→ **Work request**:
Quote every line below exactly and skip any picture.
== Dataset excerpt ==
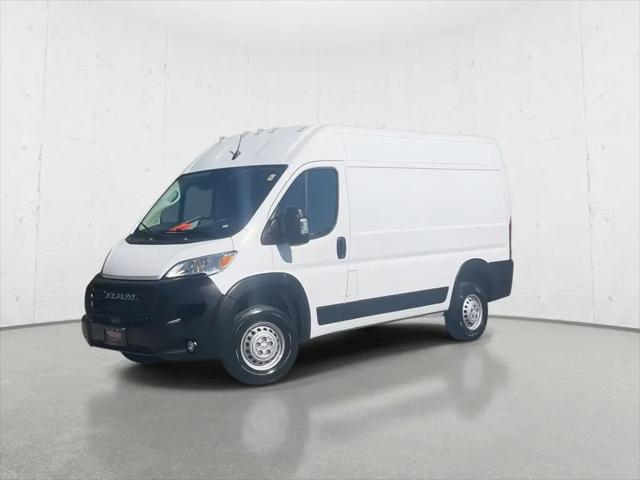 2025 Ram ProMaster 2500 Cargo Van Tradesman High Roof 136" WB w/Pass Seat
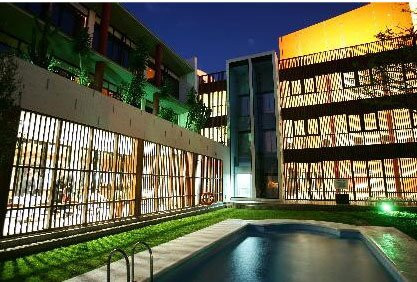 圣克鲁兹学校酒店主图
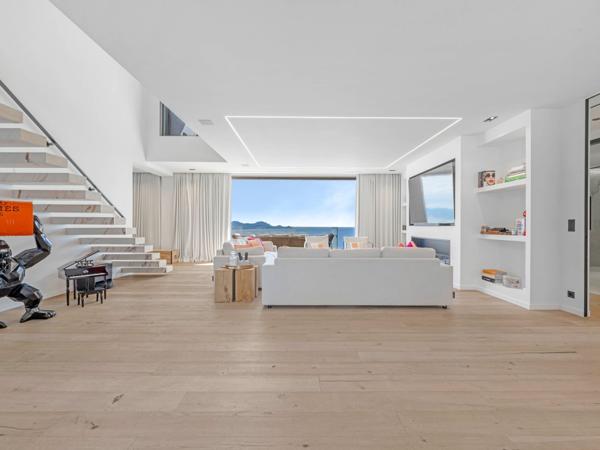 Vente Villa de luxe Les Issambres 7 Pièces 320 m²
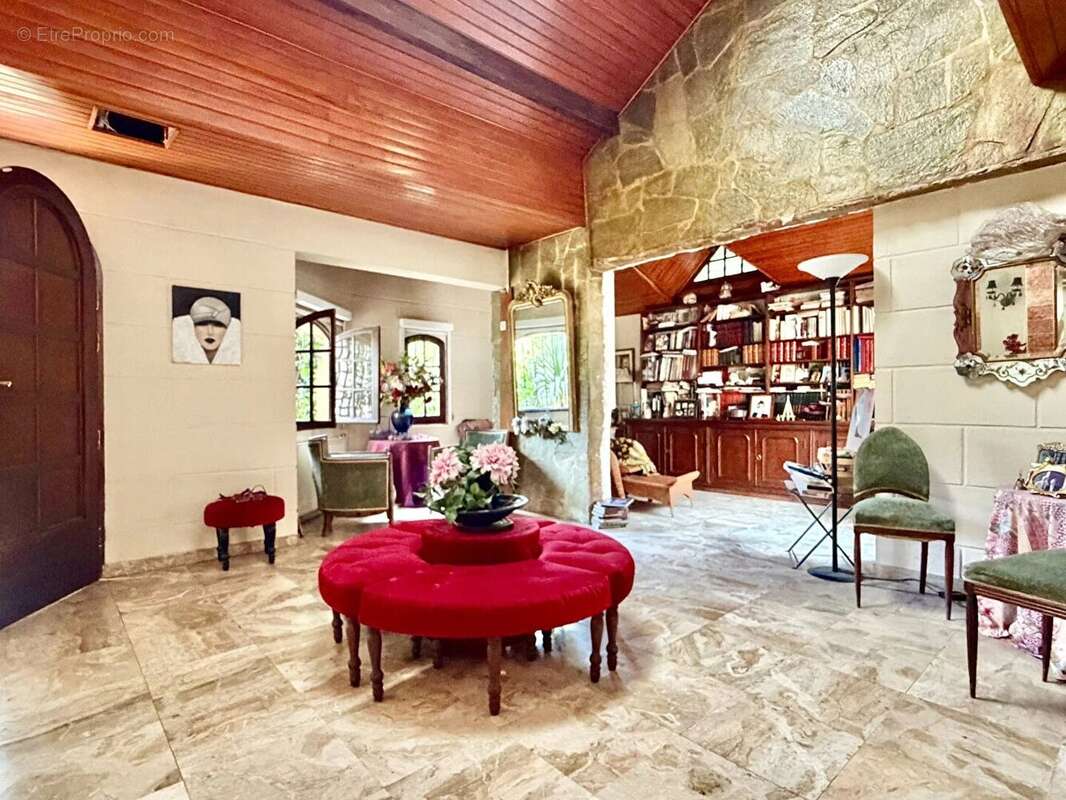 Maison à COLOMBES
===
→ **Finished exercise**:
 2025 Ram ProMaster 2500 Cargo Van Tradesman High Roof 136" WB w/Pass Seat
 圣克鲁兹学校酒店主图
 Vente Villa de luxe Les Issambres 7 Pièces 320 m²
 Maison à COLOMBES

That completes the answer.